*Task to complete*: Under this line are the records; repeat exactly the lines starting at the one containing "A person wearing" and ending at the one containing "Handsome smiling man", omitting pictures.

*Given records*:
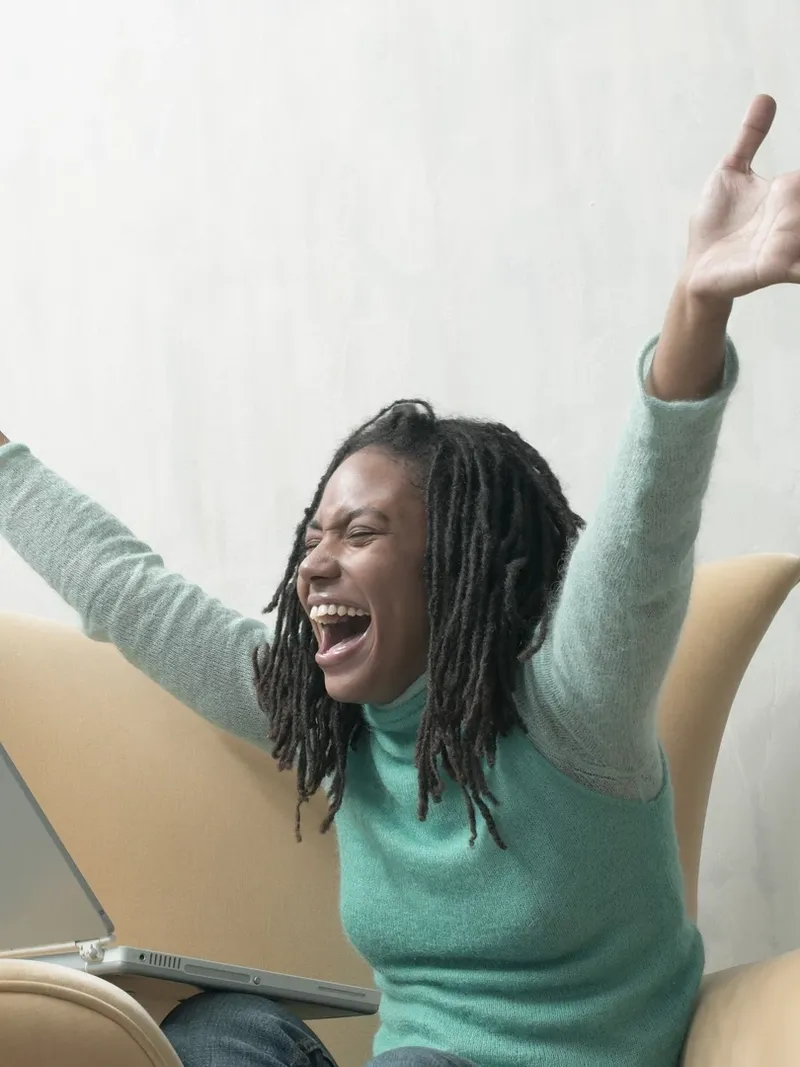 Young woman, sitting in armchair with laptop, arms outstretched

...

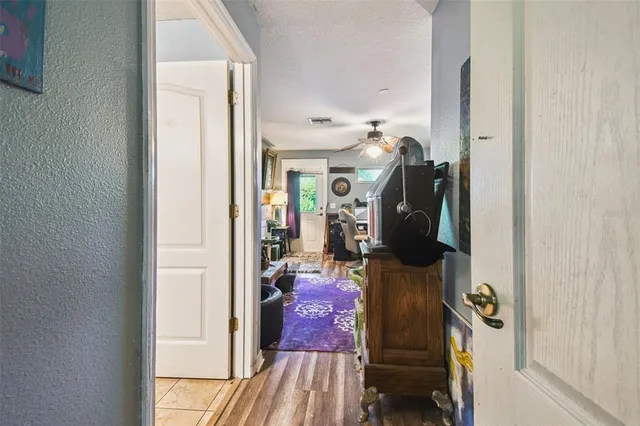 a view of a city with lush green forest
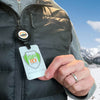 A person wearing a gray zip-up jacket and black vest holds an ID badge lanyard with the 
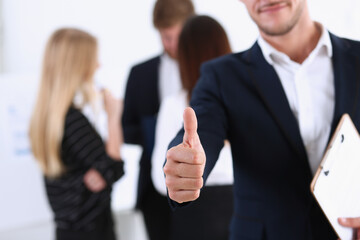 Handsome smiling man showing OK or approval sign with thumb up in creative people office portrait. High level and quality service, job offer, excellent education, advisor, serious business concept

*Exercise solution*:
 A person wearing a gray zip-up jacket and black vest holds an ID badge lanyard with the 
 Handsome smiling man showing OK or approval sign with thumb up in creative people office portrait. High level and quality service, job offer, excellent education, advisor, serious business concept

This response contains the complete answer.